Battletech: Solid History and Timeline

No aliens. No space magic. No stereotypical evil space empires. The eras are what they are, and they can't really be changed.

Life is hard, war sucks, the universe is a dirty and violent place and that can't be changed either.

Mercenaries take cash payment for death and war.

The front lines shift and change, and planets that were spared from war for a while are put under the gun. Other places lie in ruins, and civilization pulls itself from the rubble to rebuild. And often enough, the cycle starts again.

There is this rock-solid model to Battletech that draws me in. I am not going to have my expectations subverted and the investment I made in the game or franchise pulled out from under me and the game ruined because of one new story, product, or era. I can go back to the well-supported and existing eras and play there. Or say the new one never happened. I can go back to classic and play there, and say the Clan invasion never happens. I can play in the Clan era and say the future is open.

And there isn't much "silly stuff" in the setting that can change things, like aliens, psionics, or space magic. Advanced technology is about it, but that can be ignored like an unwanted era.
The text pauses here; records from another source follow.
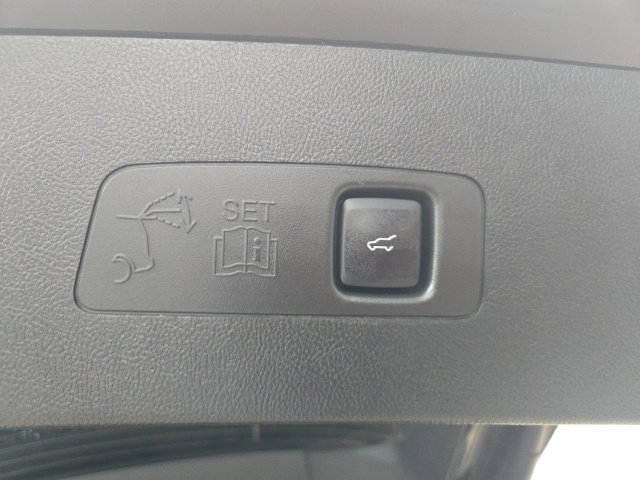 Certified 2024 Lincoln Corsair AWD w/ Equipment Group 101A image 17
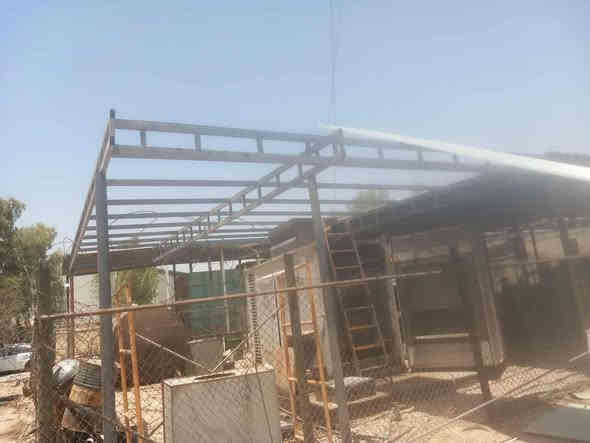 سلام عليكم حداد حداده عامه لعمل السقائف الكيسبان وغيرها والكرفانات والمحجر مكاني نجف. خاص مفتوح رقم ***********
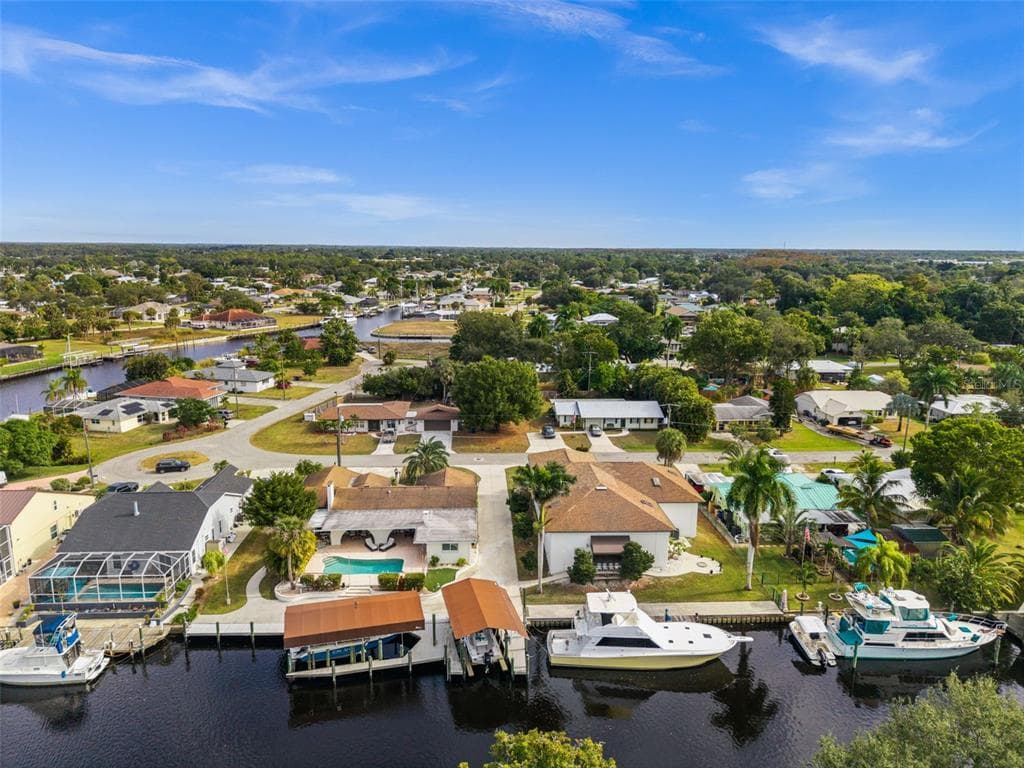 2129 W TOBAGO CIRCLE, FORT MYERS, FL 33905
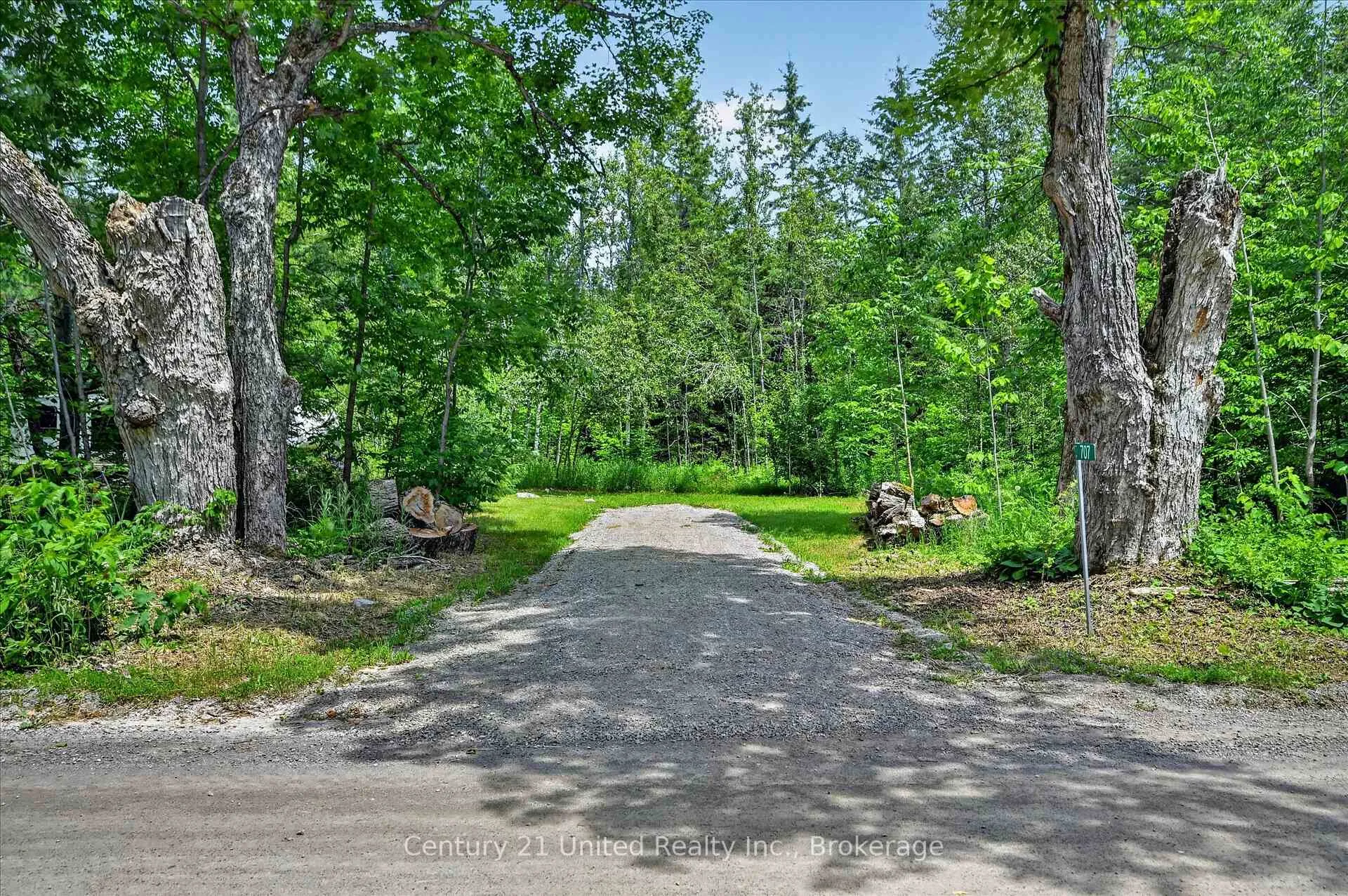 Photo 6 of 707 S Dummer 8th Line Road, Douro-Dummer — HOMEH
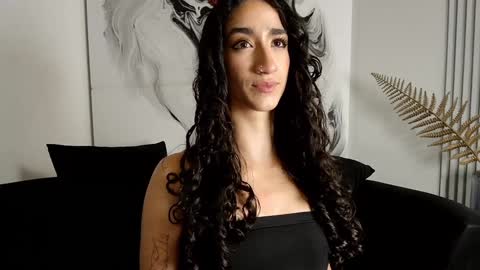  Luna  online show from January 31, 2025, 12:50 am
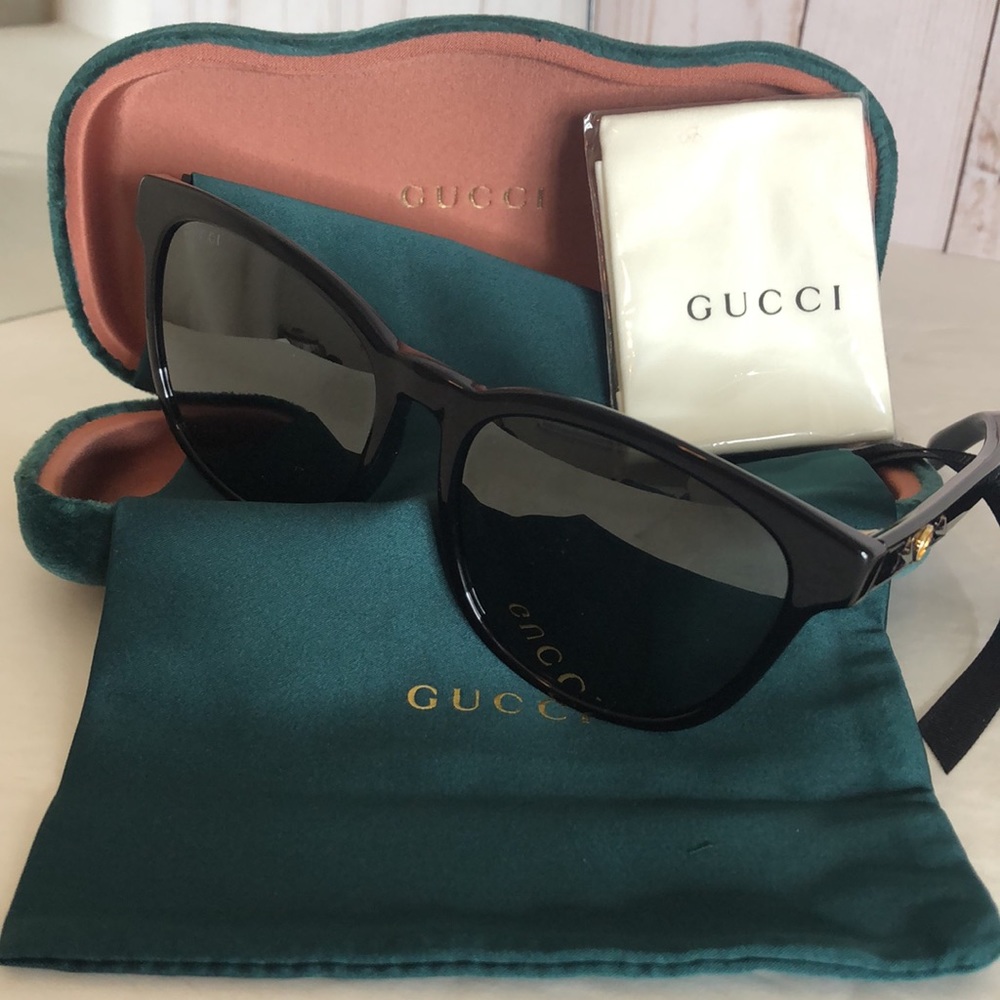 GUCCI Grey Square Sunglasses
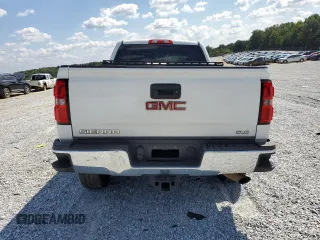 2018 GMC Sierra 1500 with VIN 1GT21SEG2JZ229378, listed as a Copart auction lot 67963734 with 144,146 mi miles and Salvage Title. Bid and sale history available at DreamBid. Image 6.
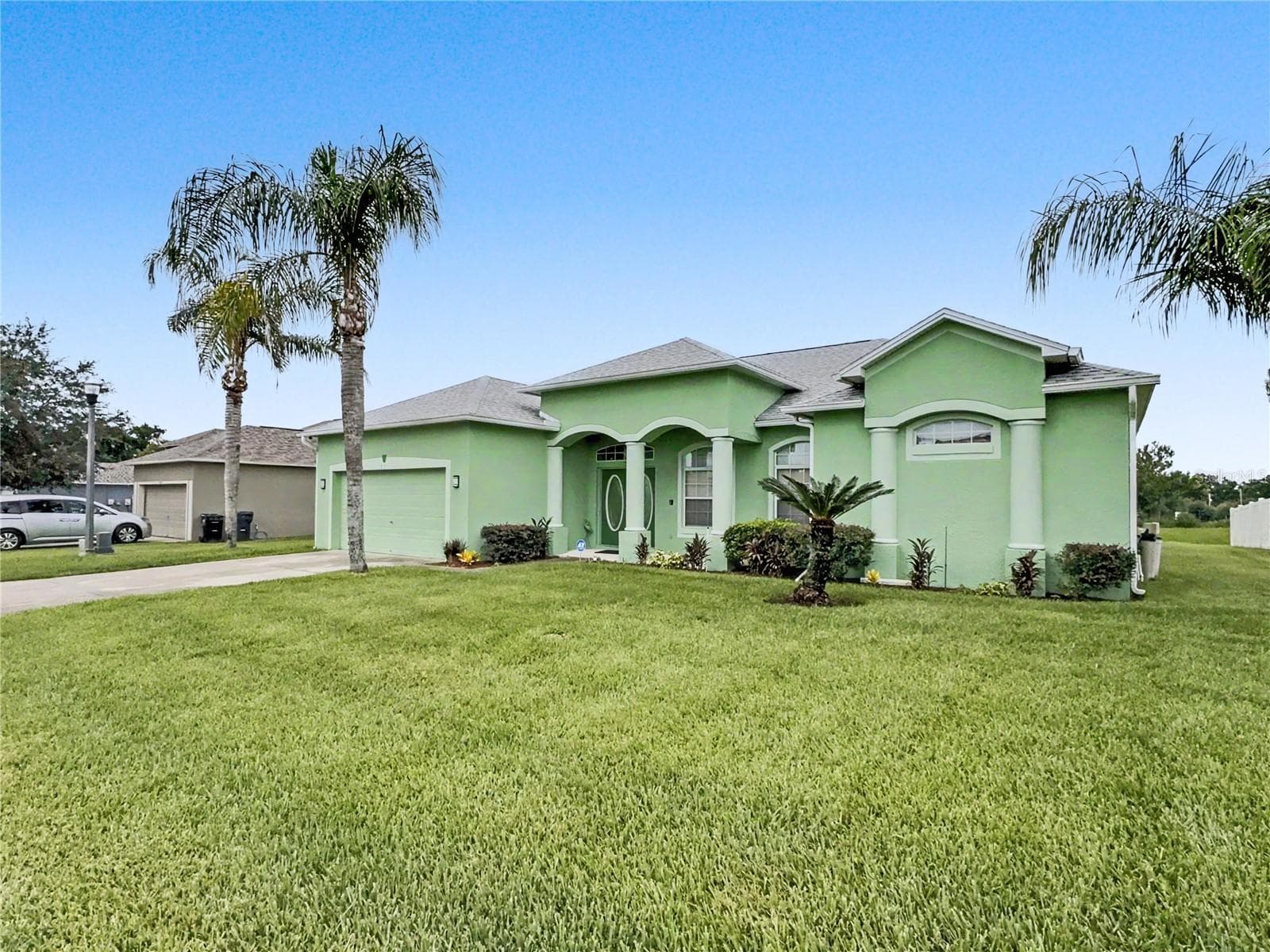 Single Family Residence at 8155 WOODVINE CIR, LAKELAND, photo 2 of 22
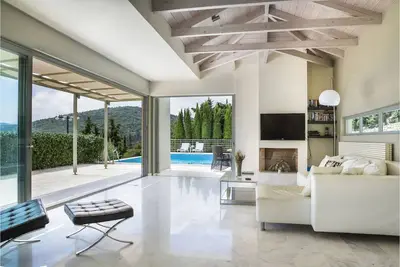 Image de Luxury 3 bed 3 bathroom contemporary villa with swimming pool, outstanding views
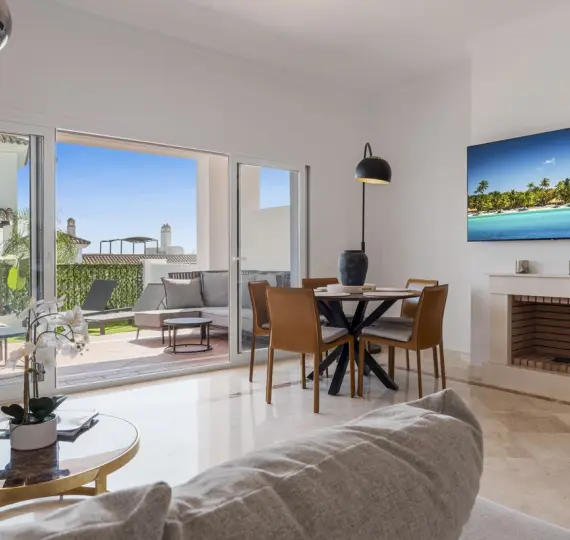 Sale of ground floor apartment in Benahavís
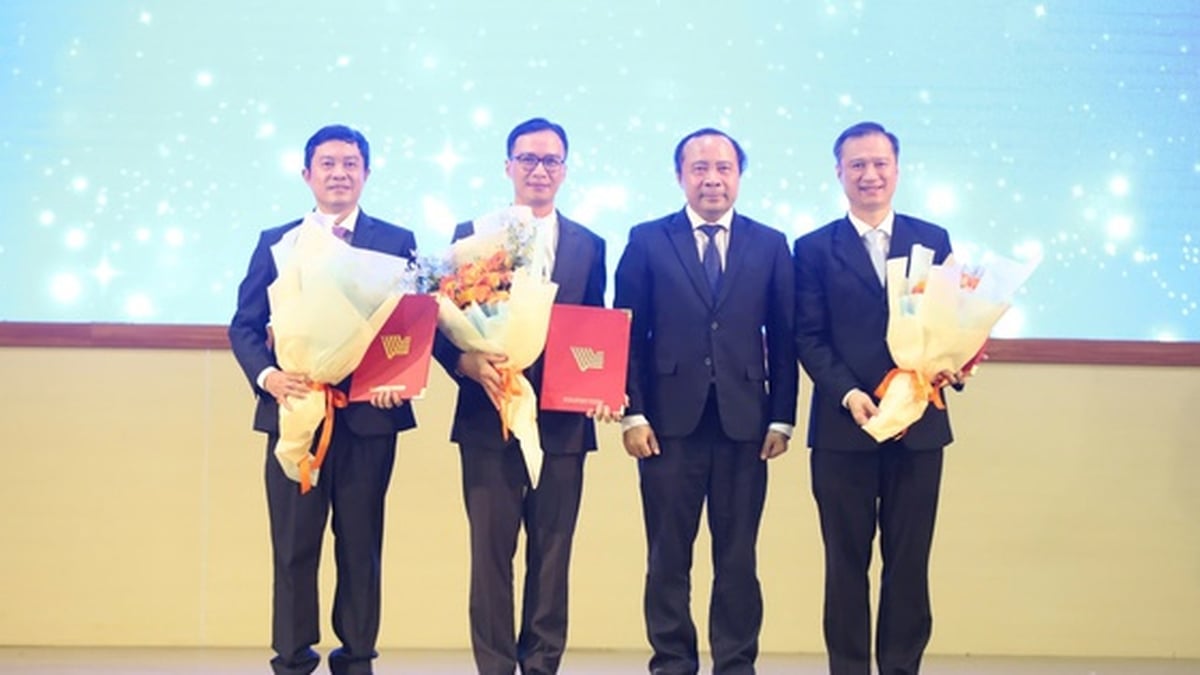 VNU-HCM តែងតាំងអ្នកដឹកនាំសំខាន់ៗនៃសាកលវិទ្យាល័យវិទ្យាសាស្ត្រសុខាភិបាល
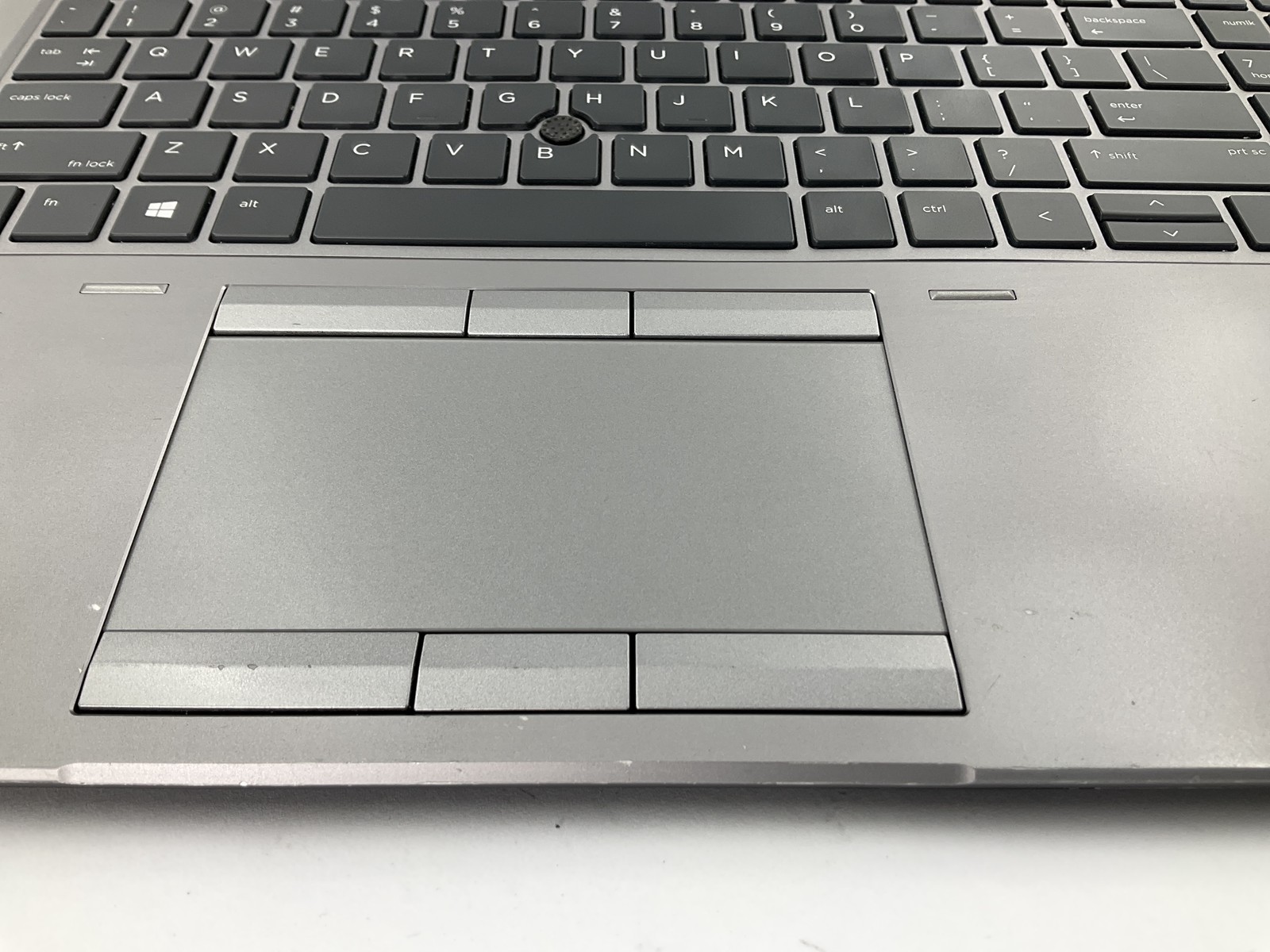 HP Zbook 15 G5 15.6″ Core i7-8750H 256GB 16GB B Win 11 Pro P2000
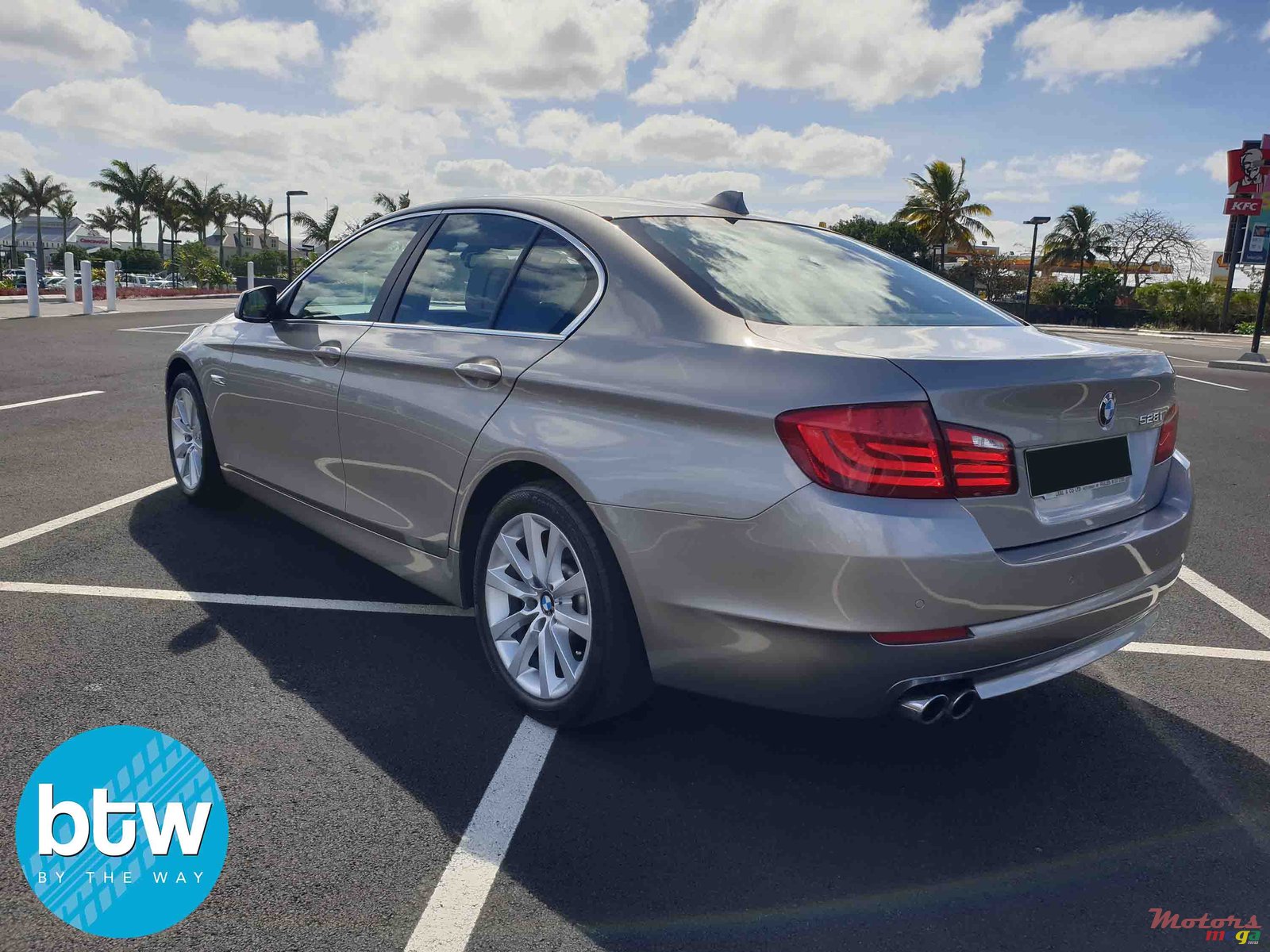 2010' BMW 5 Series 528i photo #2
This contract with the players and fans is what I love about the setting, and it is replacing lots of other sci-fi franchises as my sci-fi genre of choice. Nothing is going to be changed for me by a billion-dollar company looking to extract more streaming service money from me and cause disgusting social media drama to drum up hype. Battletech is solid, well-established, stable, and fun. I don't need anyone telling me why I should be a fan, or making me feel I need to join a bandwagon, the game is great on its own.

The players are great too.

The complexity can be controlled. I can say "this box only" or pull in rules from the advanced rules books. I could run a role-playing campaign from the rules in the Beginner Box plus my ground-game RPG of choice and have fun like this was a game of Basic D&D with battle robots using simplified rules. At any level with many combinations of battle-set plus RPG rule-set, this is fun.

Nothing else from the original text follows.